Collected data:

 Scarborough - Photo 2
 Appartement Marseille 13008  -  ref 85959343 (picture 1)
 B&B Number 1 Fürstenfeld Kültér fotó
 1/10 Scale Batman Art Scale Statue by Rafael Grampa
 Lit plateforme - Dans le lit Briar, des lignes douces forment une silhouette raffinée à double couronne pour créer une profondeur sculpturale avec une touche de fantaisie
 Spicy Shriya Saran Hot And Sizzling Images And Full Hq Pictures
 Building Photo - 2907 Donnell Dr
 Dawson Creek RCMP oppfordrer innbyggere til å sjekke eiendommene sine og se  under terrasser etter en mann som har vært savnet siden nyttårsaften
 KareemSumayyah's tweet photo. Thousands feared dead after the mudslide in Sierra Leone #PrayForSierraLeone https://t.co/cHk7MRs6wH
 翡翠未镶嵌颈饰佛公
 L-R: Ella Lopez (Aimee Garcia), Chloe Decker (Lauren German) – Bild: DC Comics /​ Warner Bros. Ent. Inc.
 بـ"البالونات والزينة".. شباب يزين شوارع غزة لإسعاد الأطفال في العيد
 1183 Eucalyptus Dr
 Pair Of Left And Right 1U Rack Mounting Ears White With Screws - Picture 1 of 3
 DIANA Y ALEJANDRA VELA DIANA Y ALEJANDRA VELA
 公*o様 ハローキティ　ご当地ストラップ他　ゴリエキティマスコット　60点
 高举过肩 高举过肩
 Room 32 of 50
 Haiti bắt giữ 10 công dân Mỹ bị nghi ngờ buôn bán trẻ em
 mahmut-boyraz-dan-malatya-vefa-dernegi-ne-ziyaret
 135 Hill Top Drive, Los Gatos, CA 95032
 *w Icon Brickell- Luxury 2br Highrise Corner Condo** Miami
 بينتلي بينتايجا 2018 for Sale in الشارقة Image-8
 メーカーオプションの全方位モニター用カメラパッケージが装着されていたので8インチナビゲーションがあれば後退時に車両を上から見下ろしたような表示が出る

** What the task asks **
The answer must be an exact copy of every record above.

** Exercise solution **
 Scarborough - Photo 2
 Appartement Marseille 13008  -  ref 85959343 (picture 1)
 B&B Number 1 Fürstenfeld Kültér fotó
 1/10 Scale Batman Art Scale Statue by Rafael Grampa
 Lit plateforme - Dans le lit Briar, des lignes douces forment une silhouette raffinée à double couronne pour créer une profondeur sculpturale avec une touche de fantaisie
 Spicy Shriya Saran Hot And Sizzling Images And Full Hq Pictures
 Building Photo - 2907 Donnell Dr
 Dawson Creek RCMP oppfordrer innbyggere til å sjekke eiendommene sine og se  under terrasser etter en mann som har vært savnet siden nyttårsaften
 KareemSumayyah's tweet photo. Thousands feared dead after the mudslide in Sierra Leone #PrayForSierraLeone https://t.co/cHk7MRs6wH
 翡翠未镶嵌颈饰佛公
 L-R: Ella Lopez (Aimee Garcia), Chloe Decker (Lauren German) – Bild: DC Comics /​ Warner Bros. Ent. Inc.
 بـ"البالونات والزينة".. شباب يزين شوارع غزة لإسعاد الأطفال في العيد
 1183 Eucalyptus Dr
 Pair Of Left And Right 1U Rack Mounting Ears White With Screws - Picture 1 of 3
 DIANA Y ALEJANDRA VELA DIANA Y ALEJANDRA VELA
 公*o様 ハローキティ　ご当地ストラップ他　ゴリエキティマスコット　60点
 高举过肩 高举过肩
 Room 32 of 50
 Haiti bắt giữ 10 công dân Mỹ bị nghi ngờ buôn bán trẻ em
 mahmut-boyraz-dan-malatya-vefa-dernegi-ne-ziyaret
 135 Hill Top Drive, Los Gatos, CA 95032
 *w Icon Brickell- Luxury 2br Highrise Corner Condo** Miami
 بينتلي بينتايجا 2018 for Sale in الشارقة Image-8
 メーカーオプションの全方位モニター用カメラパッケージが装着されていたので8インチナビゲーションがあれば後退時に車両を上から見下ろしたような表示が出る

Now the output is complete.